There was no alternative he must market his mountain in secret. He sent South for his younger brother and put him in charge of his colored following darkies who had never realized that slavery was abolished. To make sure of this, he read them a proclamation[30] that he had composed, which announced that General Forrest had reorganized the shattered Southern armies and defeated the North in one pitched battle. The negroes believed him implicitly. They passed a vote declaring it a good thing and held revival services immediately.

Fitz-Norman himself set out for foreign parts with one hundred thousand dollars and two trunks filled with rough diamonds of all sizes. He sailed for Russia in a Chinese junk and six months after his departure from Montana he was in St. Petersburg. He took obscure lodgings and called immediately upon the court jeweller, announcing that he had a diamond for the Czar. He remained in St. Petersburg for two weeks, in constant danger of being murdered, living from lodging to lodging, and afraid to visit his trunks more than three or four times during the whole fortnight.

On his promise to return in a year with larger and finer stones, he was allowed to leave for India.

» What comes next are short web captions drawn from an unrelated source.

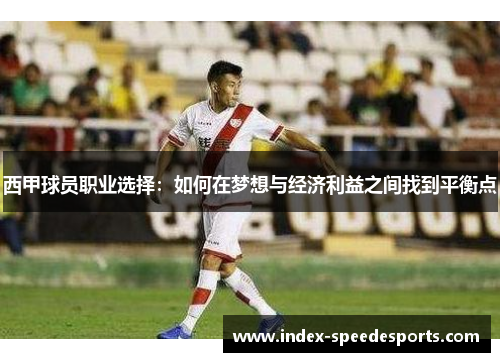 西甲球员职业选择:如何在梦想与经济利益之间找到平衡点 西甲球员职业选择:如何在梦想与经济利益之间找到平衡点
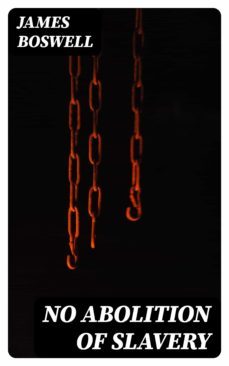 no abolition of slavery (ebook)-james boswell-8596547119005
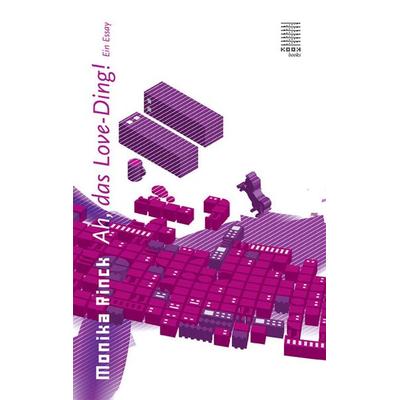 Ah, das Love-Ding!, Taschenbuch von Monika Rinck, Kookbooks, 978-3-937445-20-5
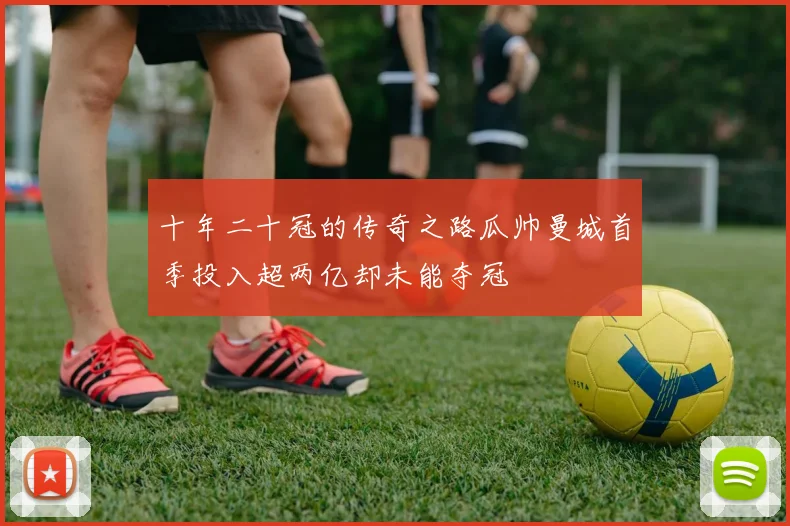 十年二十冠的传奇之路瓜帅曼城首季投入超两亿却未能夺冠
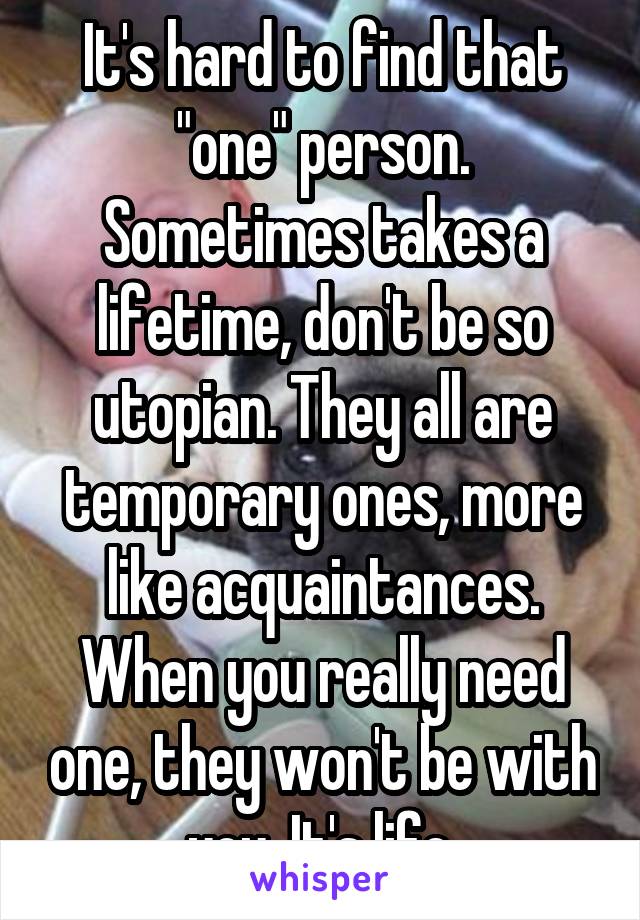 It's hard to find that "one" person. Sometimes takes a lifetime, don't be so utopian. They all are temporary ones, more like acquaintances. When you really need one, they won't be with you. It's life.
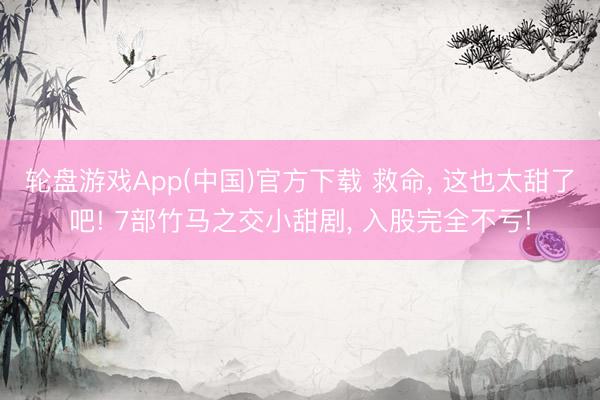 轮盘游戏App(中国)官方下载 救命， 这也太甜了吧! 7部竹马之交小甜剧， 入股完全不亏!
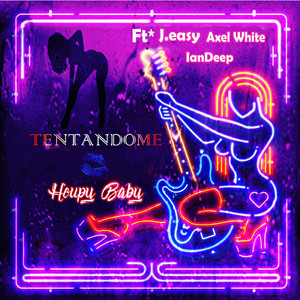 Tentandome (feat. J.easy, Axel White, Iandeep)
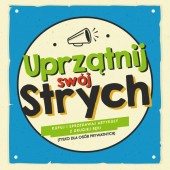 Akcja "Uprzątnij Swój Strych"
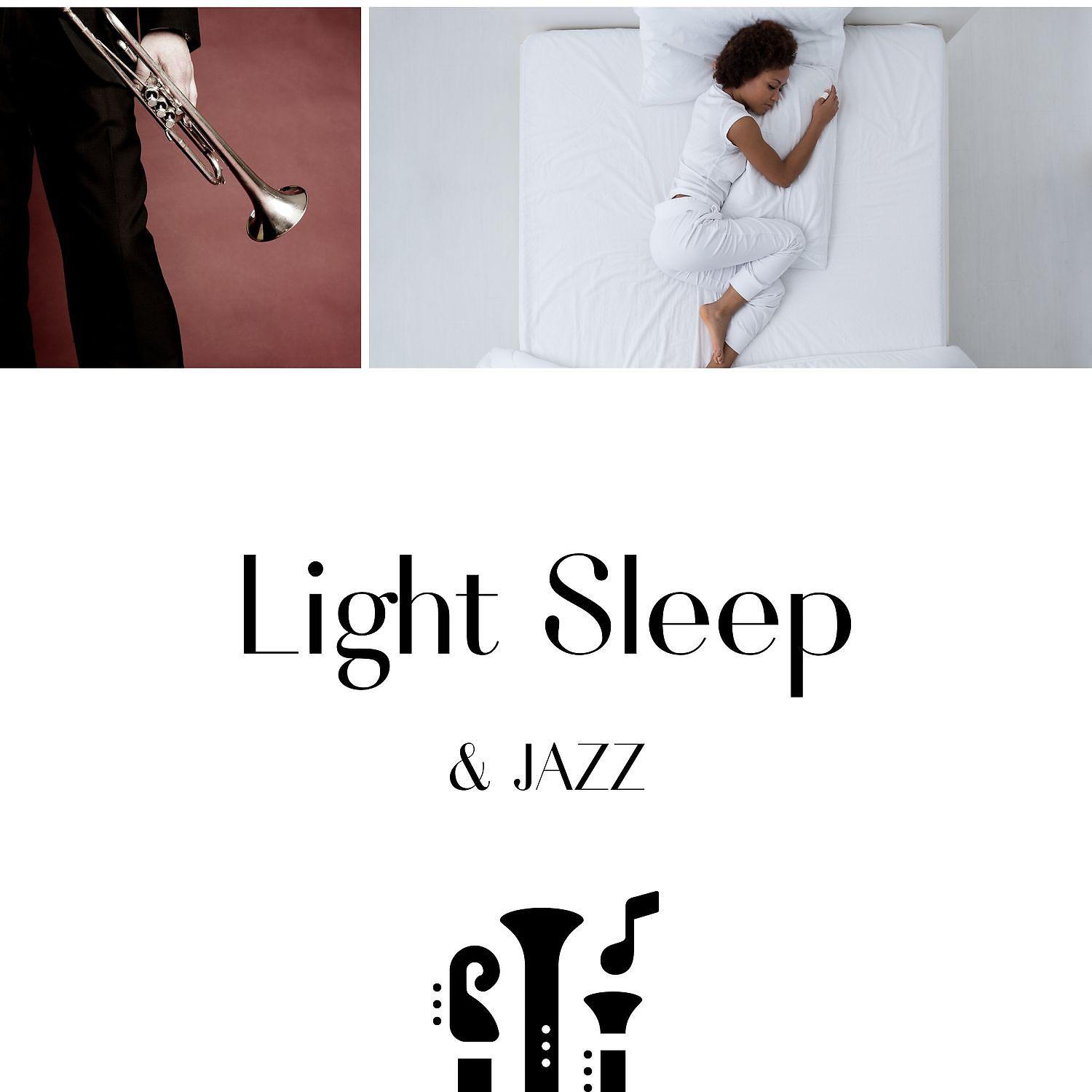 Постер альбома Light Sleep & Jazz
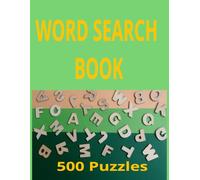 Word Search Book of 500 Puzzles
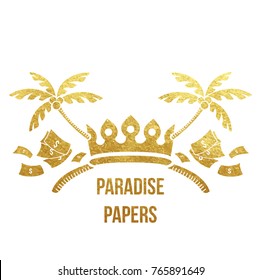 Paradise papers logo - humor golden foil vignette with crown, money and tropic island palm trees crossed as sign of leaked documents about government money laundering and taxation crime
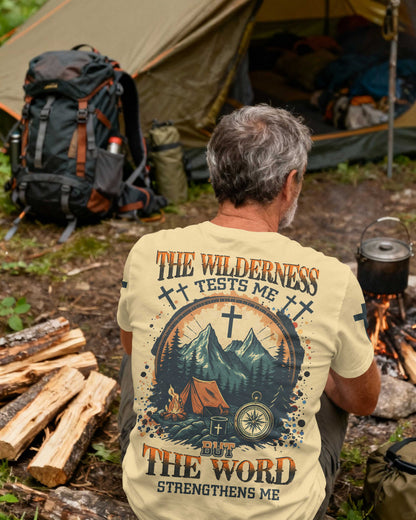The Wilderness Tests Me But The Word Strengthens Me T-Shirt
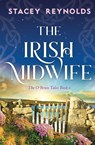 Reynolds, S: Irish Midwife - Stacey Reynolds - 9781837004157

Before he left, however, the Court Treasurers had deposited to his credit, in American banks, the sum of fifteen million dollars under four different aliases.[31]

He returned to America in 1868, having been gone a little over two years. He had visited the capitals of twenty-two countries and talked with five emperors, eleven kings, three princes, a shah, a khan, and a sultan. At that time Fitz-Norman estimated his own wealth at one billion dollars. One fact worked consistently against the disclosure of his secret. No one of his larger diamonds remained in the public eye for a week before being invested with a history of enough fatalities, amours, revolutions, and wars to have occupied it from the days of the first Babylonian Empire.[32]

From 1870 until his death in 1900, the history of Fitz-Norman Washington was a long epic in gold. There were side issues, of course he evaded the surveys, he married a Virginia lady, by whom he had a single son, and he was compelled, due to a series of unfortunate complications, to murder his brother, whose unfortunate habit of drinking himself into an indiscreet stupor had several times endangered their safety. But very few other murders stained these happy years of progress and expansion.

Just before he died he changed his policy, and with all but a few million dollars of his outside wealth bought up rare minerals in bulk, which he deposited in the safety vaults of banks all over the world, marked as bric-à-brac.[33] His son, Braddock Tarleton Washington, followed this policy on an even more tensive scale. The minerals were converted into the rarest of all elements radium so that the equivalent of a billion dollars in gold could be placed in a receptacle no bigger than a cigar box.

When Fitz-Norman had been dead three years his son, Braddock, decided that the business had gone far enough. The amount of wealth that he and his father had taken out of the mountain was beyond all exact computation. He kept a note-book in cipher in which he set down the approximate quantity of radium in each of the thousand banks he patronized, and recorded the alias under which it was held. Then he did a very simple thing he sealed up the mine.

He sealed up the mine. What had been taken out of it would support all the Washingtons yet to be born in unparalleled luxury for generations. His one care must be the protection of his secret, lest in the possible panic attendant on its discovery he should be reduced with all the property-holders in the world to utter poverty.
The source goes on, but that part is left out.